Certainly.
The first issue is really a constitutional and ownership issue that may not be relevant in your case. Here, the system was introduced by the government rather than by the House of Commons, or indeed Parliament—both chambers. It was the government that set up the IT system—the website that runs the e-petitions system, the infrastructure—but it was Parliament, the House of Commons, that had to manage the end result.
We have a 100,000-signature threshold here for consideration of a petition by the House. It was the backbench business committee of the House of Commons that had to manage that, but it hadn't been involved at all in the process of discussion or negotiation with the government about how that would work. There were some problems as a result, when government time in the House was not set aside for the backbench business committee to enable it to consider, quickly enough, the petitions that had reached that 100,000 threshold. There were some reputational and media problems that arose as a result of petitions reaching the threshold and of there being a delay at the point at which they could be considered.
There was also an issue about who owns the data and who has access to and can utilize the data.
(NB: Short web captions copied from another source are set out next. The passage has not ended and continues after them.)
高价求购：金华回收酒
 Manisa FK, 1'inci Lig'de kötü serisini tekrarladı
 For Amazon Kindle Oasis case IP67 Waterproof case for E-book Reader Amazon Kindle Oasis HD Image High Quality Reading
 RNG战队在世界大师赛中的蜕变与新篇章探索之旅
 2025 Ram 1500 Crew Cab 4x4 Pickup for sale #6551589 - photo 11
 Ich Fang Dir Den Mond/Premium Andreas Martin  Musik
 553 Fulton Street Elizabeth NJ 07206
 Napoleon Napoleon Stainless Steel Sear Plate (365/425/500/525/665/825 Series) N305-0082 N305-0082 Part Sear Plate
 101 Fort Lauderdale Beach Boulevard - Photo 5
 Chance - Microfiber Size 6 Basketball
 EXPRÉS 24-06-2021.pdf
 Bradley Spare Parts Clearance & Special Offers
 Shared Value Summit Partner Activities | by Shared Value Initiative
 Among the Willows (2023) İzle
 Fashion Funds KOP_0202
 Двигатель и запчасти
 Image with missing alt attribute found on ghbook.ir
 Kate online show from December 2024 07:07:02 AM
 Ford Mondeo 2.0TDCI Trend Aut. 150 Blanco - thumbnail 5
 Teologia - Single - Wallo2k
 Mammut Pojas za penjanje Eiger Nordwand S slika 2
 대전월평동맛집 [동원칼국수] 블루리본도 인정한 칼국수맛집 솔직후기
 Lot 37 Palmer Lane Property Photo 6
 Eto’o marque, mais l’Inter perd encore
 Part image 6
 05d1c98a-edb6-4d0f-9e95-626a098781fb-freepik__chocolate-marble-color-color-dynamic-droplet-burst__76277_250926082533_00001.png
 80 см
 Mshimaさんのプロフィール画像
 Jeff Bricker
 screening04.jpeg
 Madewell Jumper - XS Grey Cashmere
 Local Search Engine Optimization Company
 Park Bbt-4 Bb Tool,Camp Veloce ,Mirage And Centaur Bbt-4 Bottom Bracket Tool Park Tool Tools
Parliament—the House of Commons, the backbench business committee members—did not know who the petitioners were. They had very little information about who the petitioners were, because the data was owned or held by government. So there were some issues there.
The second issue involves the threshold, the introduction of the 100,000 signatures for consideration of the debate. It was presented in the media as if there would be debates, but in fact the wording around the petition systems was that the backbench business committee would consider it. The issue was that, if you reached the 100,000 threshold and you didn't have a debate, it created a public engagement problem.
Now, that hasn't happened on many occasions. But for example, when a bill is going through Parliament and is being debated at length, if a petition on that subject then reaches 100,000 signatures, should it be debated again alongside the existing primary legislation processes and procedures that are ongoing at the time? There was an issue there in relation to a bill for reform of the NHS that caused some difficulties.
Should members themselves be allowed to use a petition and to register petitions? At the beginning in the U.K., that was not stipulated clearly, and some members did use the petition system for that purpose. Eventually it was decided that in fact this probably wasn't appropriate—members have other ways to register their concerns—and that this was for the public, not for members.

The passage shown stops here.